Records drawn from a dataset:
★ ★ ★

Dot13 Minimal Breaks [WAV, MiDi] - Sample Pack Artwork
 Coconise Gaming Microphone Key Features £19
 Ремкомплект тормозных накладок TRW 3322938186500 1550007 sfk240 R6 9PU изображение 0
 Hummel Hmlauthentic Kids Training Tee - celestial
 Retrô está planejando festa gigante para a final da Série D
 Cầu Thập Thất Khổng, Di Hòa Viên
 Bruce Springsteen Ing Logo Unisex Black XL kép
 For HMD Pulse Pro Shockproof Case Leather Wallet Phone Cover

★ ★ ★

Set down the whole of the data, exactly as it stands.

Dot13 Minimal Breaks [WAV, MiDi] - Sample Pack Artwork
 Coconise Gaming Microphone Key Features £19
 Ремкомплект тормозных накладок TRW 3322938186500 1550007 sfk240 R6 9PU изображение 0
 Hummel Hmlauthentic Kids Training Tee - celestial
 Retrô está planejando festa gigante para a final da Série D
 Cầu Thập Thất Khổng, Di Hòa Viên
 Bruce Springsteen Ing Logo Unisex Black XL kép
 For HMD Pulse Pro Shockproof Case Leather Wallet Phone Cover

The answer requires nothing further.